The High Pamirs are right behind Karakul, concealing the 77-km-long Fedchenko glacier. East of the lake, if you could survive a trek in Arctic conditions, is Xinjiang. The early Tang dynasty wandering monk Xuanzang was here in 642 (he thought the lake was people by dragons). Marco Polo was here in 1274.
Our base to explore Yashilkul and later Karakul was Bulungkul – this time of the year a sort of Arctic station, with only 40 houses served by solar panels in the middle of nowhere, and temperatures hovering around minus 22 Celsius. It’s the toughest of lives. They told me that in winter the temperature drops to -63C.

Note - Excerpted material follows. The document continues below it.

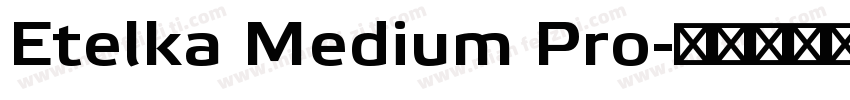Etelka Medium Pro字体转换
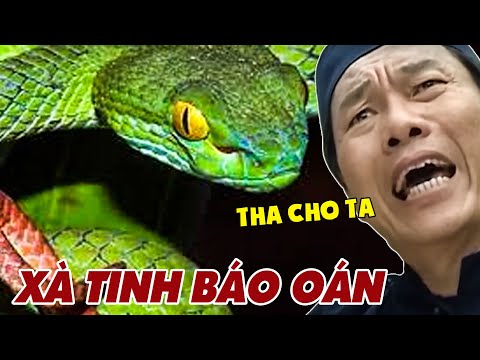 CỔ TÍCH VIỆT NAM 2022 - PHIM XÀ TINH BÁO OÁN | PHIM BỘ CỔ TÍCH VIỆT NAM THVL HAY MỚI NHẤT 2022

Farther down the road, I took a diversion east to observe the Kulma pass, at 4,363 meters the official Tajik border with China, reached by a – what else? – made-by-China road, opened in 2004 following the ancient Silk Road.
The Tajik-Kyrgyz border at the Kyzyl-Art pass looked like a scene from Tarkovsky’s Stalker, utterly Soviet-style desolate except for a shared taxi loaded with Kyrgyz going to Khorog. From there, it’s a spectacular drive all the way to the crossroads of Sary Tash, and through the head-spinning, 3,615 meter-high Taldyk pass, towards Osh, the gateway to the Ferghana valley.
All across this mesmerizing Central Asia/Heartland journey, especially in the bazaars, we see in detail the crossroads of pastoral nomadism and irrigation culture, fertilized century after century by cross-cultural Silk Road trade involving herders, farmers, merchants, all of them part of commodity trading and provisioning for the caravans.
We delve into the vortex of immensely rich social, religious, scientific, aesthetic and ideological influences – especially from Persia, India, China and Iran. The shift from overland to sea trade in the 16th century – the start of European world domination – in fact never erased the traditional routes to India via Afghanistan, China via Xinjiang and Europe via Iran. Trade remains the top factor in Central Asian life.
Today the Pamir Highway is a privileged microcosm of what is slowly but surely evolving as the intersection between the New Silk Roads and Greater Eurasia – with its main hubs configured by Russia, China, Iran, Pakistan and – it may be hoped – India.
The ultimate crossroads of civilizations, the Heartland, is back – once again at the heart of history.